Please copy each line from the entries that contains the string "Photo".

Stored data entries
- - - - - - -
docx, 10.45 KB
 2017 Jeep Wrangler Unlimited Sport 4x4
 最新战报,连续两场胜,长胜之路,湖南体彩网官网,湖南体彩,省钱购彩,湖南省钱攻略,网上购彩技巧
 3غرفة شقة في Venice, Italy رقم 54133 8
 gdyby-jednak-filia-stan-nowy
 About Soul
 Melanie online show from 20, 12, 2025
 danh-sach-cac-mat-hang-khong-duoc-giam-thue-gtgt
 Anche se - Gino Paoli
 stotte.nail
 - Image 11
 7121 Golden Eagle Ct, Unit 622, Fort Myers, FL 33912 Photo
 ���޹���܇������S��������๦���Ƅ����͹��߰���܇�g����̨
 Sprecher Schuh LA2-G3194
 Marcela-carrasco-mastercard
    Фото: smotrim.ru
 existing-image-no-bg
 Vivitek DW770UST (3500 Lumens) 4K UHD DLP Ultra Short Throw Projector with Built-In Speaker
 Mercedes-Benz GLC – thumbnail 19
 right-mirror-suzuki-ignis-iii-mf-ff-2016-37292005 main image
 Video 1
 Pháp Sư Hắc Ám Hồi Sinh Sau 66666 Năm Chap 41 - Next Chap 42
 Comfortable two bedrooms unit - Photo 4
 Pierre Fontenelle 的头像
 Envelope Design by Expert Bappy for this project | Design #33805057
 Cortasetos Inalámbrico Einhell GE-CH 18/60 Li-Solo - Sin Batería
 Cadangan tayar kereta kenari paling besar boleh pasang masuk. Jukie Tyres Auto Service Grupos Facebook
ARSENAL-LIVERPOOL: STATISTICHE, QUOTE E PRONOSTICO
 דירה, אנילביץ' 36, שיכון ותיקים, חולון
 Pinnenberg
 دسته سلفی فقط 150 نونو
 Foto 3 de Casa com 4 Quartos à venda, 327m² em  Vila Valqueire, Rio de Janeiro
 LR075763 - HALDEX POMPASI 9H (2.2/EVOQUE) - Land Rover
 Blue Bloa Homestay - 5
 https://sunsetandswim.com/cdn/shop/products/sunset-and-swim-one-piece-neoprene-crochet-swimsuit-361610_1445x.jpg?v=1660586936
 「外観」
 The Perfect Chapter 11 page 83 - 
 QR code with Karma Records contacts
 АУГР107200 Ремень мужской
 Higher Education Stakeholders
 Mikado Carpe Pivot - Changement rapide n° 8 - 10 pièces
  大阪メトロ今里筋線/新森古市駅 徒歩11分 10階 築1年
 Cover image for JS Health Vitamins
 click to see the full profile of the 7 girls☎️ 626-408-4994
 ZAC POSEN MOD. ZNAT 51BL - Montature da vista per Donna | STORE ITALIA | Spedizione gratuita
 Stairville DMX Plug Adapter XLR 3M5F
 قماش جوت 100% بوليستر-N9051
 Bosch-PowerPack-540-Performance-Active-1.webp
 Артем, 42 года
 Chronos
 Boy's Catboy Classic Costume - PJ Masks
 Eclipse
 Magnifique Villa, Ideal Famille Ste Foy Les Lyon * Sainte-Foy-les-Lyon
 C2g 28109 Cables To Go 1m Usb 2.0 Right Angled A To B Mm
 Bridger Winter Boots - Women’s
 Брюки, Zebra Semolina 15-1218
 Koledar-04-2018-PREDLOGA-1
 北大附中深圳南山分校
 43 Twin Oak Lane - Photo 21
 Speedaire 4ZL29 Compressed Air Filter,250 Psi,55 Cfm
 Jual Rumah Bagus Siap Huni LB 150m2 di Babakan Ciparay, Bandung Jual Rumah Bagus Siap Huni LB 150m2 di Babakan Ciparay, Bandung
- - - - - - -
RESPONSE FOR THIS EXERCISE →
 7121 Golden Eagle Ct, Unit 622, Fort Myers, FL 33912 Photo
 Comfortable two bedrooms unit - Photo 4
 43 Twin Oak Lane - Photo 21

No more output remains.